**** Task data ****

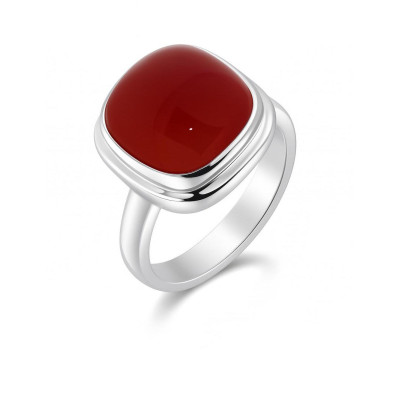 Bague Cornaline Coussin 12mm en Argent
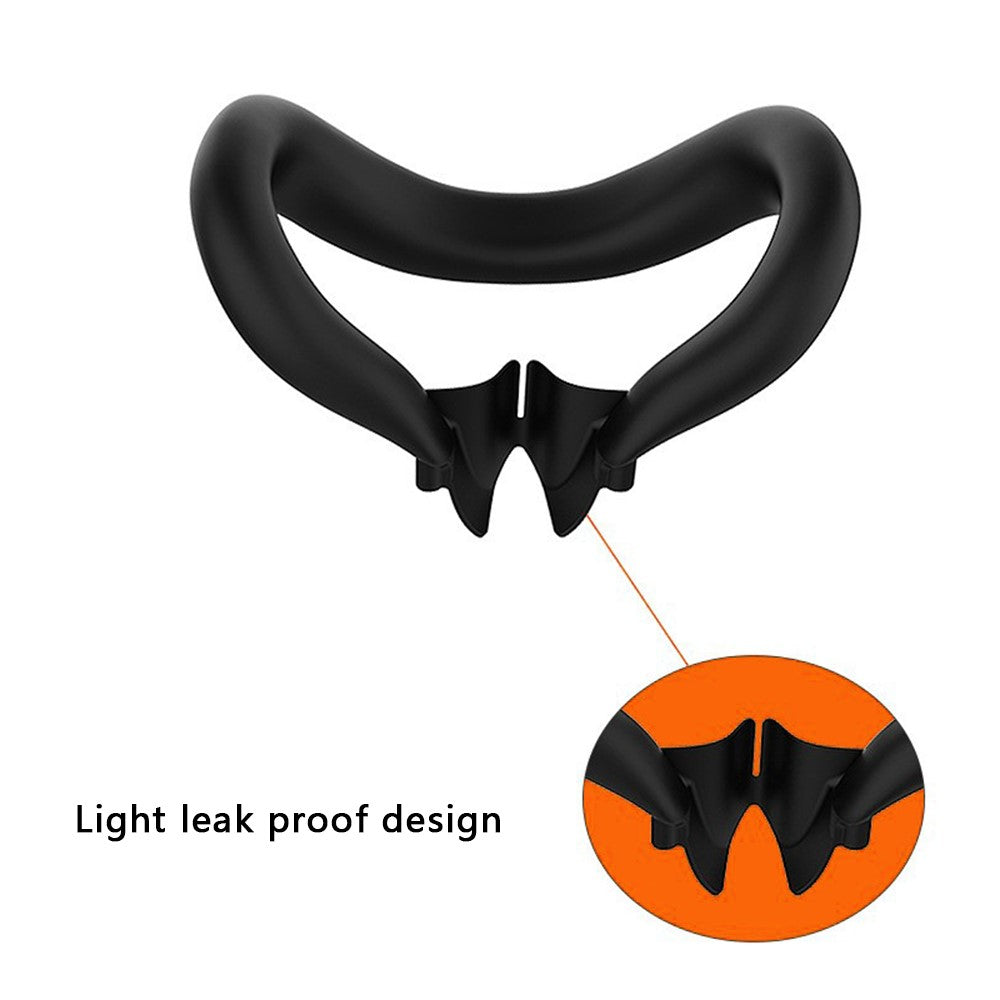Til Meta Quest 3 VR-headset silikone ansigtsmaske + beskyttelsescover til linse + 2 rocker-hætter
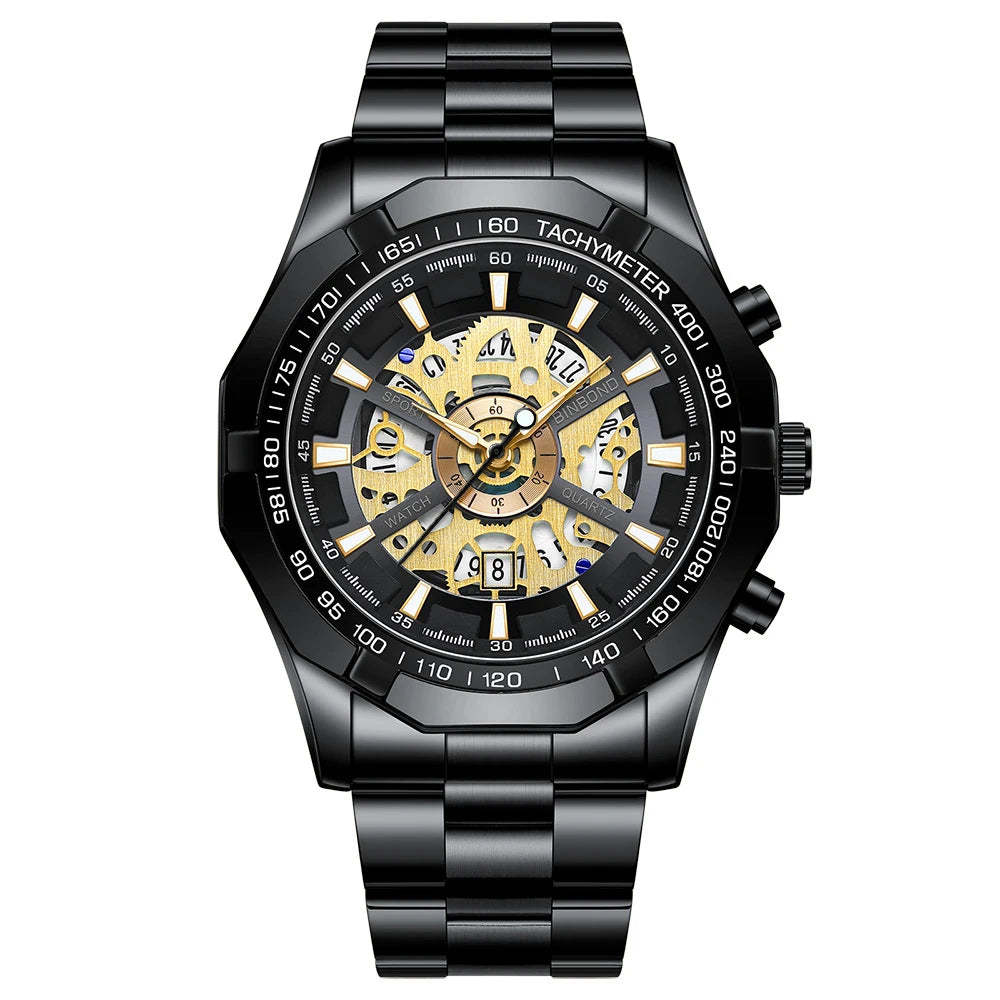 Stainless Steel Quartz Watch – Waterproof Luminous Calendar for Business Men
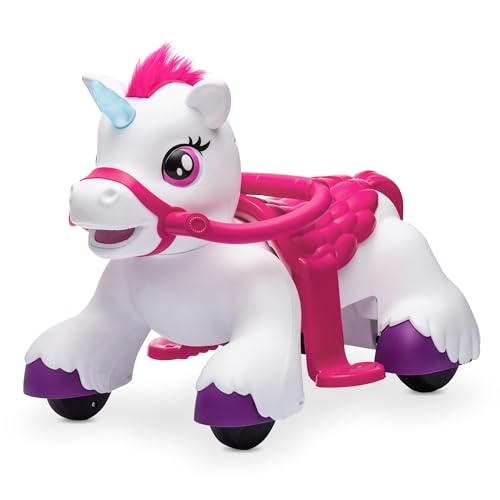 Kidzone 12V Unicorn Ride On Horse Toy for Toddlers 1.5-3 Years Old, Interactive Kids Electric Riding Gift w/Carrot Toy, Comb and Funny Animal Sounds, White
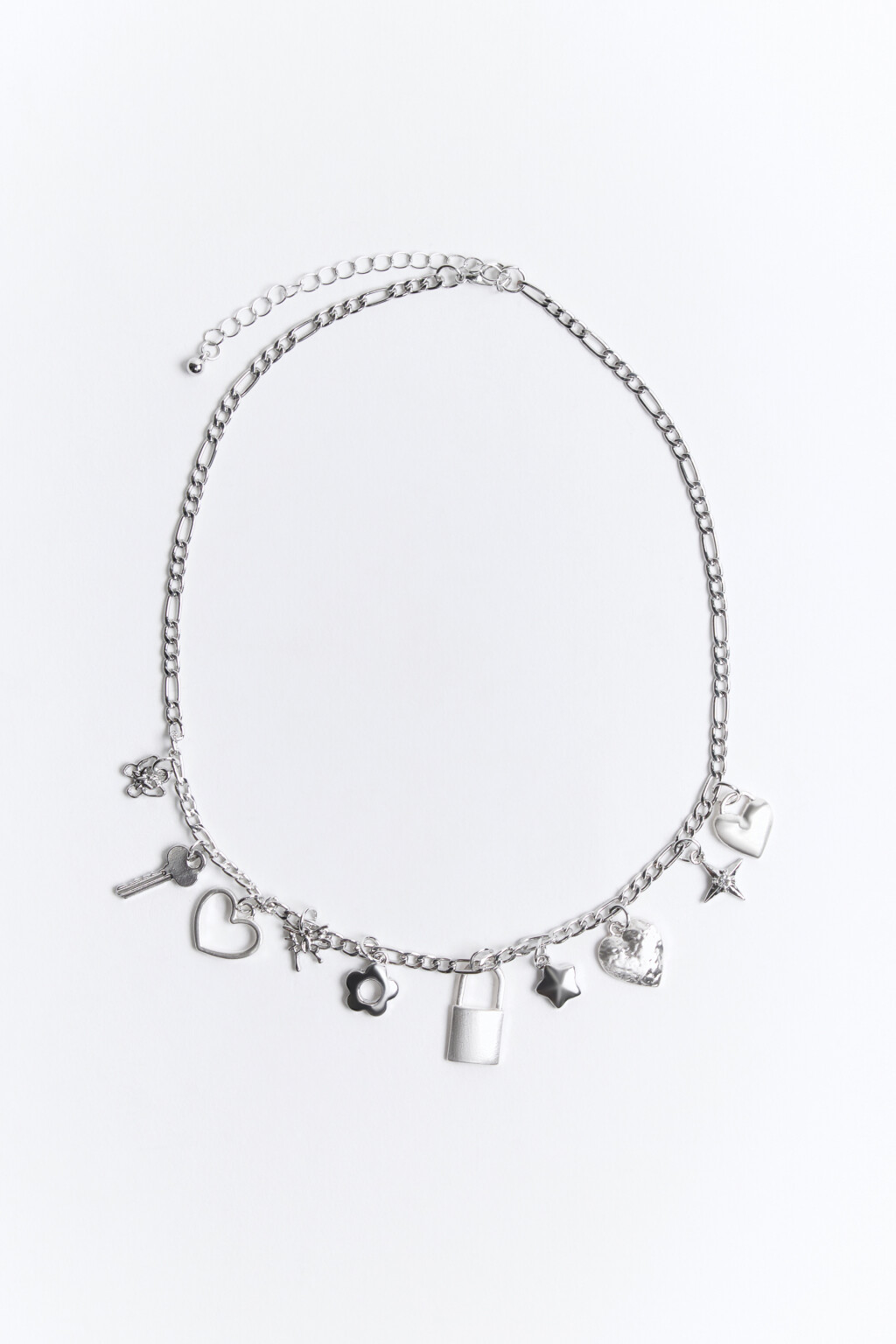 Цепочка на шею с россыпью подвесок - цвет серый - 1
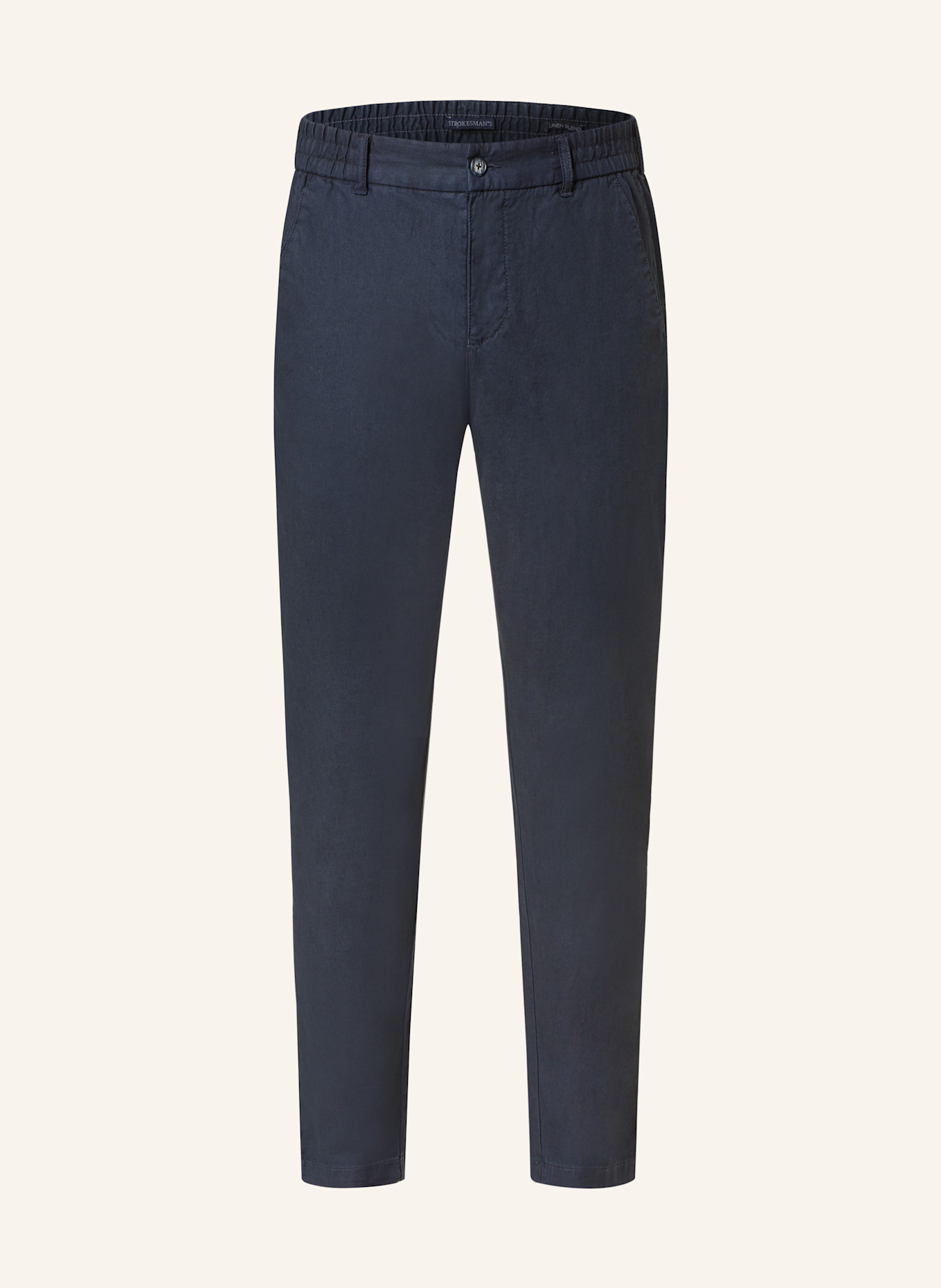 STROKESMAN'S Chino Extra Slim Fit mit Leinen: DUNKELBLAU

****

**Work instructions**.
Repeat only the lines from the one with "Цепочка на шею" through the end of the data, both included and exactly as written. Pictures stay out of the copy.

**Output for this task**.
 Цепочка на шею с россыпью подвесок - цвет серый - 1
 STROKESMAN'S Chino Extra Slim Fit mit Leinen: DUNKELBLAU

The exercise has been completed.